Under the revised provisions of the Code of Virginia only those items which expand capacity may be
considered. The CIP and CNA has also been reduced to be essentially a maintenance program with
limited capacity expansion. Moreover, the Committee finds that under the current proffer model, as
the County's capital budgets grow, so too do the dollar values of the proffer amounts per unit.
The committee found that the new calculated amounts were:
- SFD - $4,918 (2014 value was $20,987)
- SFA/TH - $3,845 (2014 value was $14,271)
- MF - $5,262 (2014 value was $14,871)
A detailed summary of the work performed by the Committee may be found in Attachment A.
Further the Committee believes strongly that credits should be given to support the goals of the
Comprehensive Plan; however, the significantly lower proffer recalculation casts a new light on the
original charge. The Committee feels that explicit credit recommendations should be informed by
clear intentions of the County with regard to whether local revenue should be used to offset the costs
of development or to create a type of development. The Committee respectfully requests input on this
matter and requests the ability to reexamine credit areas with a refined target as to the purpose of
credits as a policy tool by the County. The Committee will continue to work on the cash proffer
policy consistent with the charter of the Committee to "ensure that all fiscal impact analytical tools in
use by the County are appropriate to the needs of the County". This memorandum should be
considered in conjunction with the attachments to this memorandum.
The Committee offers the following advice and recommendations.
1) Credits should be considered independent of the maximum per unit cash proffer amount.
Evaluation of credits should include consideration of the following:
a. Promoting development consistent with the growth management strategies of the
Comprehensive Plan and/or recovering cost impacts of development.

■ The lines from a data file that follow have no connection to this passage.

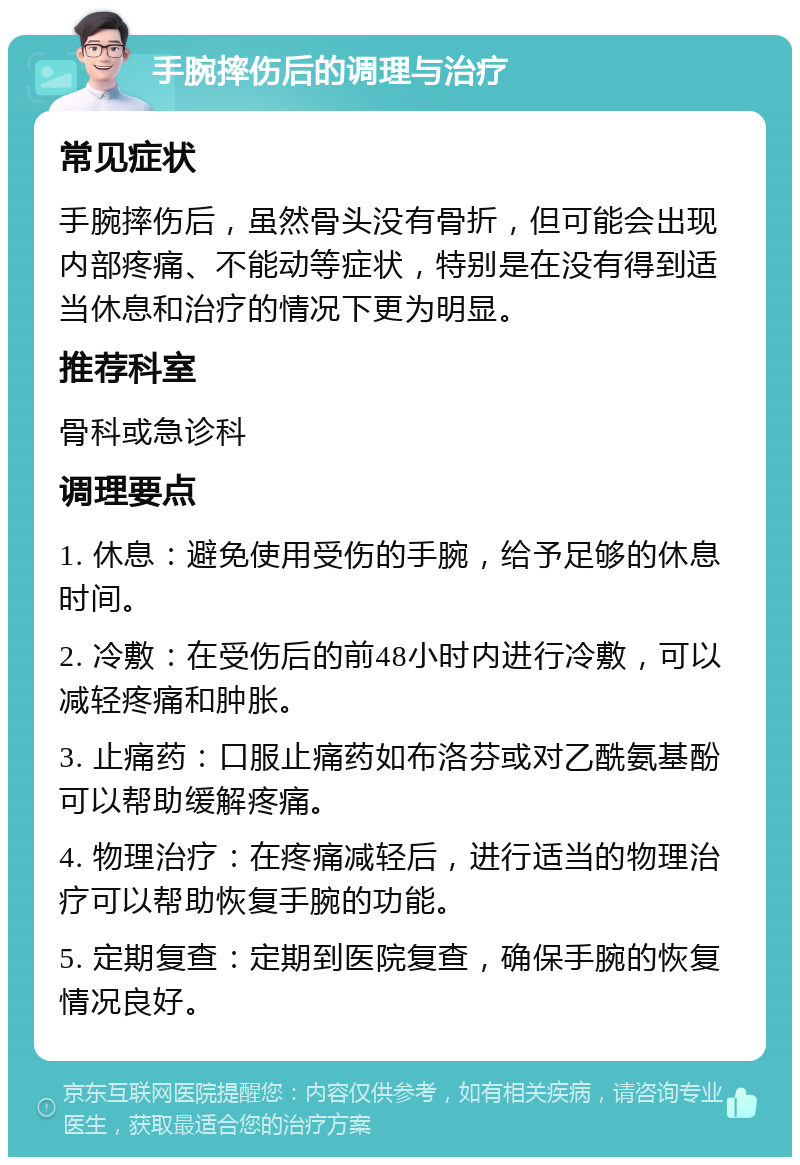 手腕摔伤后的调理与治疗 常见症状 手腕摔伤后，虽然骨头没有骨折，但可能会出现内部疼痛、不能动等症状，特别是在没有得到适当休息和治疗的情况下更为明显。 推荐科室 骨科或急诊科 调理要点 1. 休息：避免使用受伤的手腕，给予足够的休息时间。 2. 冷敷：在受伤后的前48小时内进行冷敷，可以减轻疼痛和肿胀。 3. 止痛药：口服止痛药如布洛芬或对乙酰氨基酚可以帮助缓解疼痛。 4. 物理治疗：在疼痛减轻后，进行适当的物理治疗可以帮助恢复手腕的功能。 5. 定期复查：定期到医院复查，确保手腕的恢复情况良好。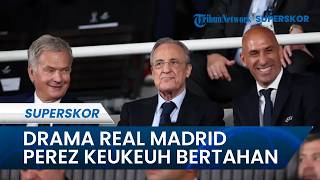 Florentino Perez Menolak Mundur dari Kursi Presiden saat Real Madrid Dilanda Krisis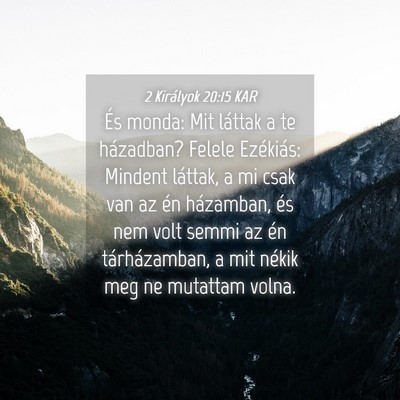 Picture 04 - 2 Királyok 20:15 KAR - És monda: Mit láttak a te házadban? Felele - Bible Verse Picture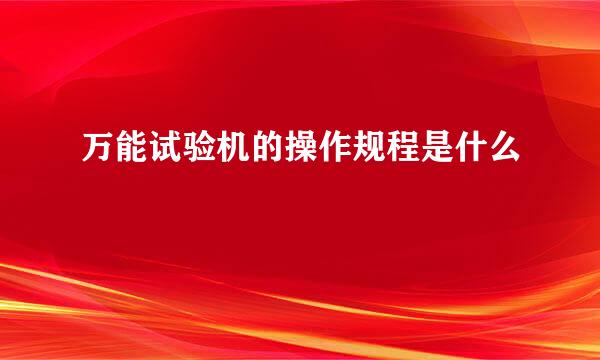 万能试验机的操作规程是什么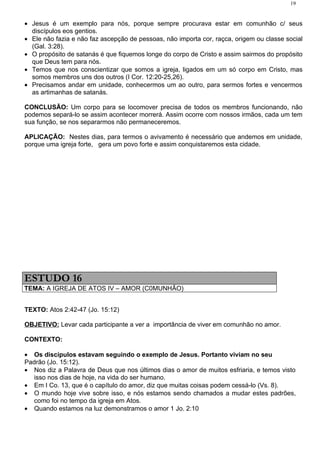 19


• Jesus é um exemplo para nós, porque sempre procurava estar em comunhão c/ seus
  discípulos eos gentios.
• Ele não fazia e não faz ascepção de pessoas, não importa cor, raçca, origem ou classe social
  (Gal. 3:28).
• O propósito de satanás é que fiquemos longe do corpo de Cristo e assim sairmos do propósito
  que Deus tem para nós.
• Temos que nos conscientizar que somos a igreja, ligados em um só corpo em Cristo, mas
  somos membros uns dos outros (I Cor. 12:20-25,26).
• Precisamos andar em unidade, conhecermos um ao outro, para sermos fortes e vencermos
  as artimanhas de satanás.

CONCLUSÃO: Um corpo para se locomover precisa de todos os membros funcionando, não
podemos separá-lo se assim acontecer morrerá. Assim ocorre com nossos irmãos, cada um tem
sua função, se nos separarmos não permaneceremos.

APLICAÇÃO: Nestes dias, para termos o avivamento é necessário que andemos em unidade,
porque uma igreja forte, gera um povo forte e assim conquistaremos esta cidade.




ESTUDO 16
TEMA: A IGREJA DE ATOS IV – AMOR (C0MUNHÃO)


TEXTO: Atos 2:42-47 (Jo. 15:12)

OBJETIVO: Levar cada participante a ver a importância de viver em comunhão no amor.

CONTEXTO:

• Os discípulos estavam seguindo o exemplo de Jesus. Portanto viviam no seu
Padrão (Jo. 15:12).
• Nos diz a Palavra de Deus que nos últimos dias o amor de muitos esfriaria, e temos visto
   isso nos dias de hoje, na vida do ser humano.
• Em I Co. 13, que é o capítulo do amor, diz que muitas coisas podem cessá-lo (Vs. 8).
• O mundo hoje vive sobre isso, e nós estamos sendo chamados a mudar estes padrões,
   como foi no tempo da igreja em Atos.
• Quando estamos na luz demonstramos o amor 1 Jo. 2:10
 
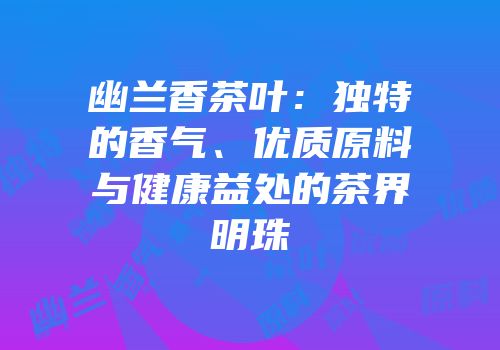 幽兰香茶叶：独特的香气、优质原料与健康益处的茶界明珠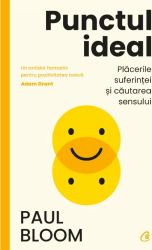 Punctul ideal. Placerile suferintei si cautarea sensului Paul Bloom 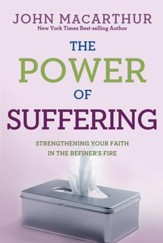 The Power of Suffering: Strengthening Your Faith in the Refiner's Fire - eBook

b. Fiscal impact to the County. (Due to the limitations of the model used to develop the
maximum per unit cash proffer amount and the lack of historical data this analysis will be
at the best challenging.)
2) Credits for existing by -right units should continue and be included in the policy to the extent the
density proposed is consistent with the Comprehensive Plan. The budgetary impact of this credit
is limited due to the fact that if developed by -right these units would not be subject to the cash
proffer policy. In order to qualify for credits the applicant must demonstrate the number of by -
right units that can reasonably be achieved. This may be accomplished by submitting a concept
plan showing lot layout and road alignments and accounting for steep slopes, floodplain and other
features of the property that may limit or reduce by -right development.
3) The maximum per unit cash proffer amount has been updated and is included in the attached
document.
- SFD - $4,918 (2014 value was $20,987)
- SFA/TH - $3,845 (2014 value was $14,271)
- MF - $5,262 (2014 value was $14,871)
The difference in the values is affected by the change in law which only permits inclusion of
items that expand capacity and the reduction in the amounts included in the CIP and CNA.
The committee utilized the existing Cost Revenue Impact Model (CRIM) and the current Cash
Proffer Policy to update the maximum per unit cash proffer amount. These tools have limitations that
may prevent the County from capturing the total impact of new development. For example, the
current policy and CRIM model might prevent the County from capturing the total impact and costs
of new development. One issue is that the existing cash proffer model, although similar to cash
proffer models currently in use in other jurisdictions around the Commonwealth, is not a dynamic
scoring model. The CRIM does not accurately capture revenue of new development due to expanded
retail sales, commercial development, and employment. The Committee discussed the possibility that
lower cash proffer amounts may result in increased revenue to the County as it lowers the cost of a
rezoning and therefore results in additional rezoning applications.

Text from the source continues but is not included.